Sridevi Srikanth BSCAL

The Securities and Exchange Board of India yesterday announced that it would soon order the creation of firewalls between merchant bankers and other non-banking finance companies which undertake hire purchase, leasing and deposit-raising activities.

Existing NBFCs which have merchant banking operations will have to hive it off into a separate entity.

The capital market regulator, which held its board meeting here yesterday, said it would also abolish the various categories among merchant bankers. The entities which have a registration will be permitted to continue operations as long as their licences are valid.

At present, merchant bankers are divided into four categories. Companies in the top bracket category I must have a minimum networth of Rs 5 crore. Sebi now says that all merchant bankers will have to attain that threshold by the time their licences which are usually valid for three years come up for renewal, or close shop.

 

Sebi chairman DR Mehta told newspersons after the meeting that the market regulator had failed to take any decision on modifying the carryforward system.
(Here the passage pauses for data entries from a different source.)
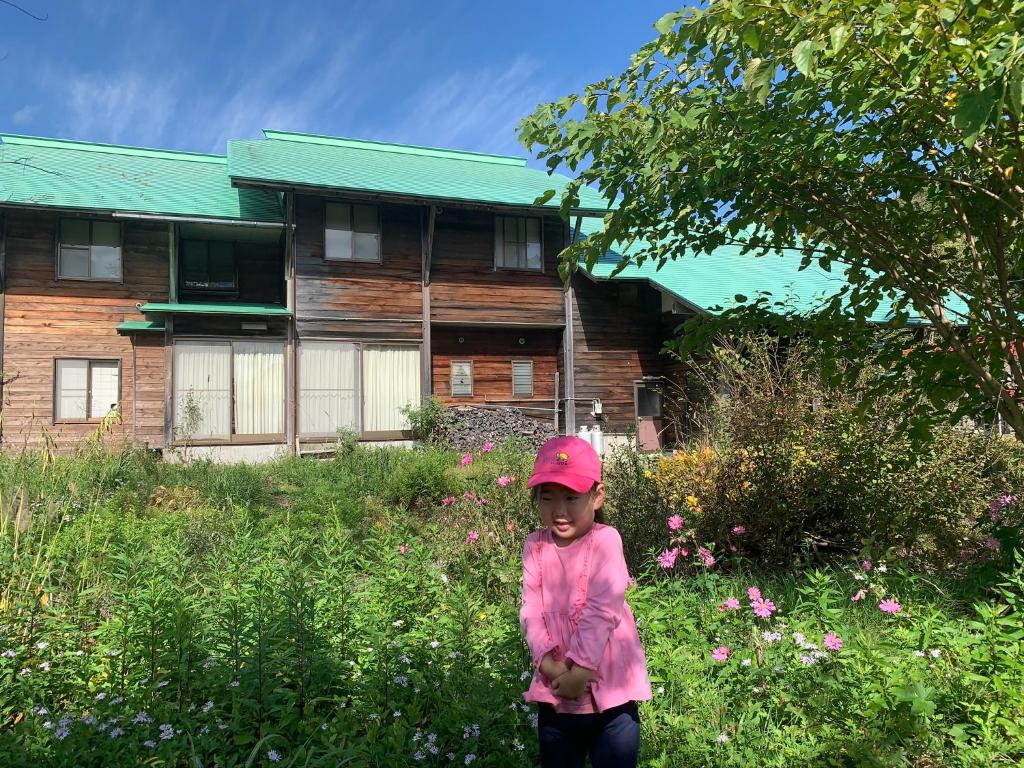 a little girl standing in front of a house at ペンションminiモンゴル in Makito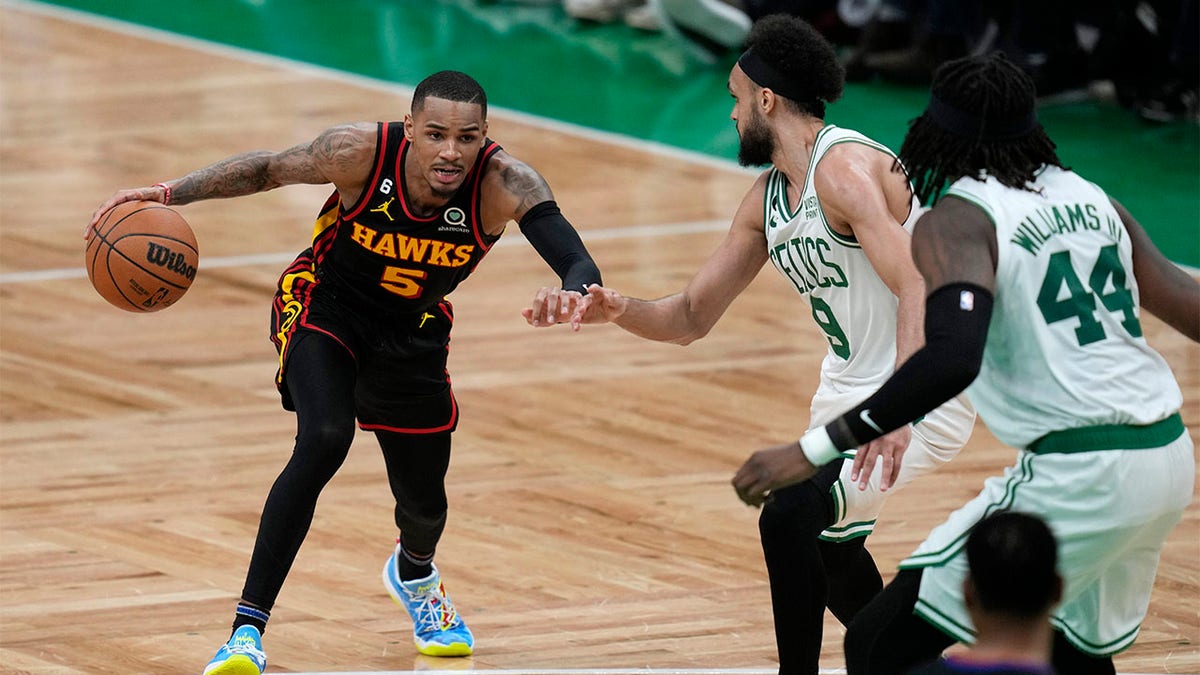 Dejounte Murray drives against the Celtics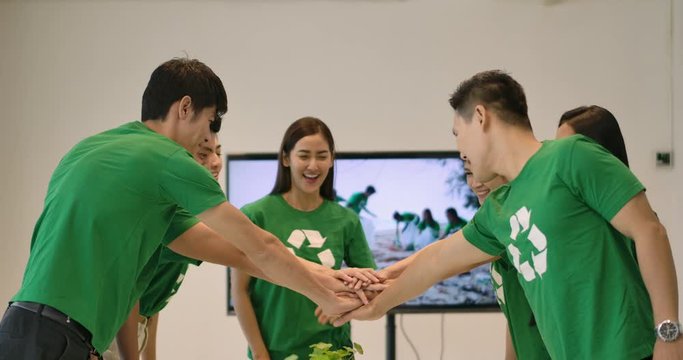 4K Volunteer Team having a meeting. Group of young asian people volunteers in green t-shirts stack hands together as unity and teamwork in modern office.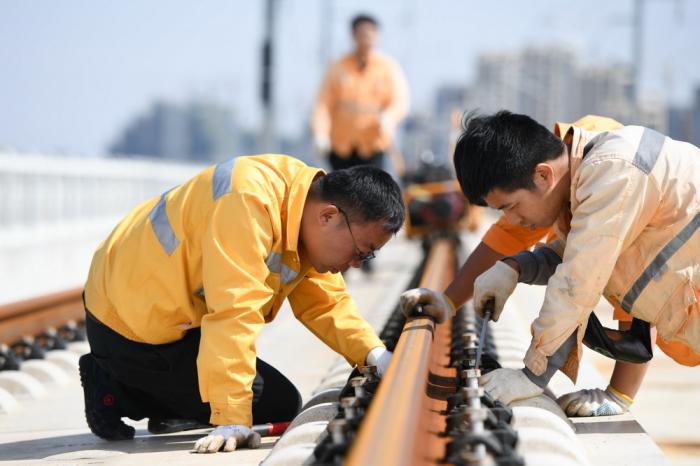 10月5日,中国铁路上海局集团有限公司合肥工务段的线路工钱程(前左)在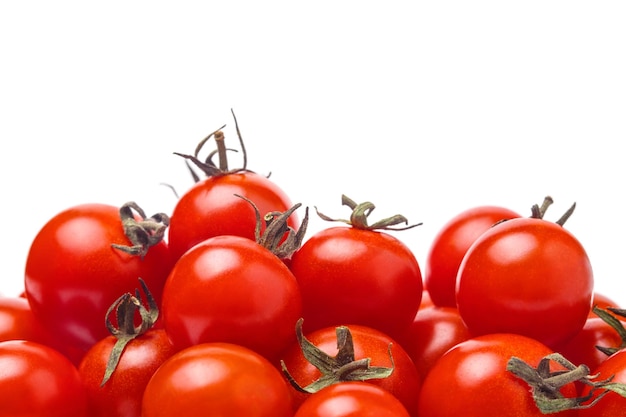 Pile of cherry tomatoes on white background close up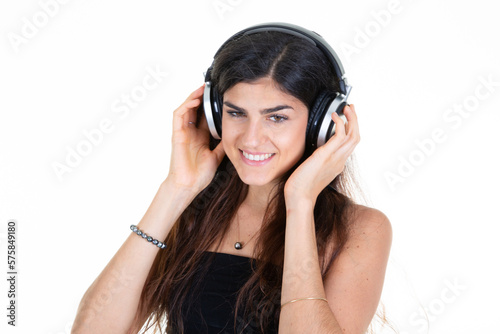 cheerful young woman smiling beauty brunette listening music at headphones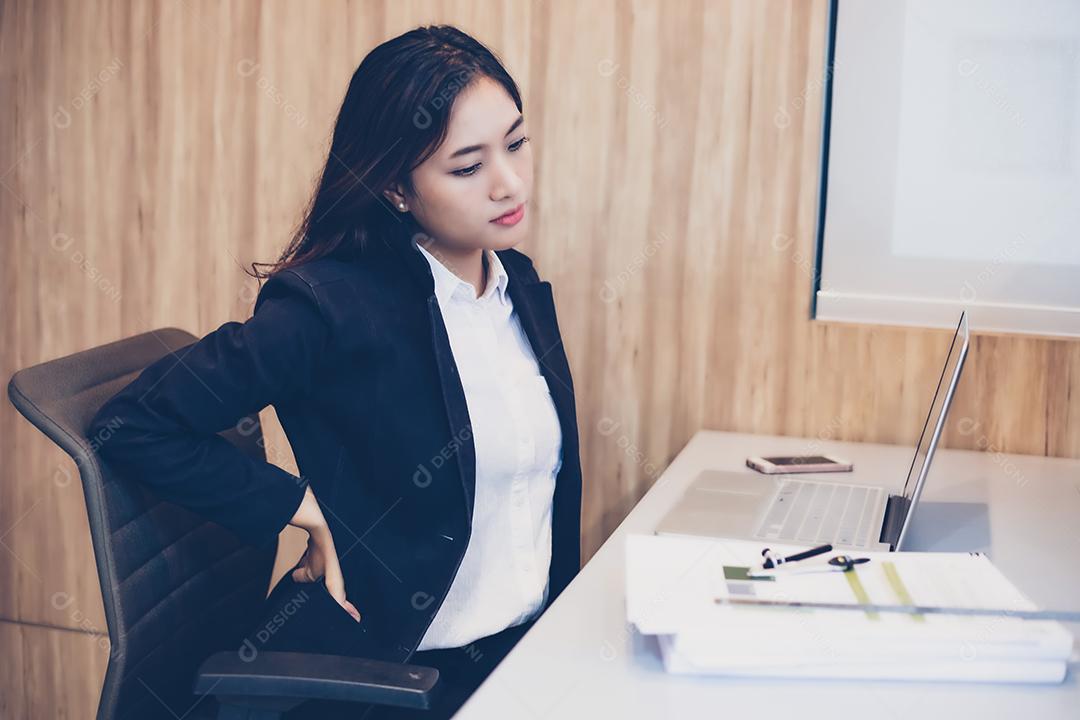 Empresária asiática se estendendo depois de trabalhar duro no escritório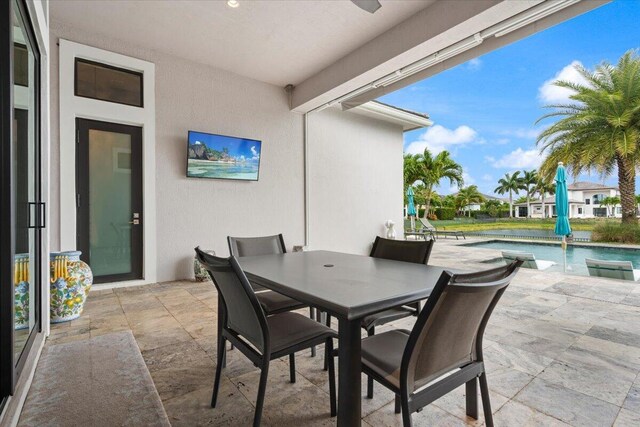 6940 NW 25th Way, Boca Raton, FL 33496 - view of patio with an outdoor pool, outdoor dining space, and ceiling fan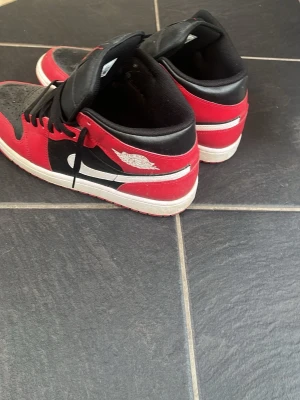 Svarta och röda Air Jordan 1 Mid - Säljer ett par Air Jordan 1 Mid sneakers i svart, rött och vitt. Skorna har klassisk Nike Swoosh på sidan, svarta skosnören och perforerad tåbox. Materialet är en mix av läder och syntet. Ikonisk Air Jordan-logga på sidan och Jumpman på plösen.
Market players were all keyed up before yesterdays Sebi board meeting on expectations of a positive outcome on the contentious issue. Mehta said the board has sought additional information on risk management and status quo will continue until then.

On the removal of limits on business as recommended by the JR Verma committee, the board felt more information on the existing system was needed before arriving at a decision.

A major decision taken yesterday was that infrastructure companies, given the nature of the project, would be permitted to allowed to list their debt instruments straightaway without having to list their equity first. This will also include partly convertible and fully convertible debentures.

A draft has been presented to the board to regulate credit rating agencies. A committee will be set up consisting of representatives from Sebi/Reserve Bank of India, industry associations and representatives from local and foreign credit rating agencies.

Regulations have also been tightened for mutual funds making it mandatory for them to disclose investments in affiliate companies. No investment will be permitted in a group or affiliate company that is not listed. Moreover, the aggregate investment of all schemes of the mutual fund in group companies that are listed shall not exceed 25 per cent of the net assets of all schemes.

The maximum business that a fund can give a broker inside the group cannot exceed 5 per cent of the total business, as arrived at by taking quarterly averages. In the case of other brokers, if business given by the fund exceeds 5 per cent, it will have to be backed by a declaration and a justification. Two-thirds of trustees will have to be independent as against the current level of 50 per cent.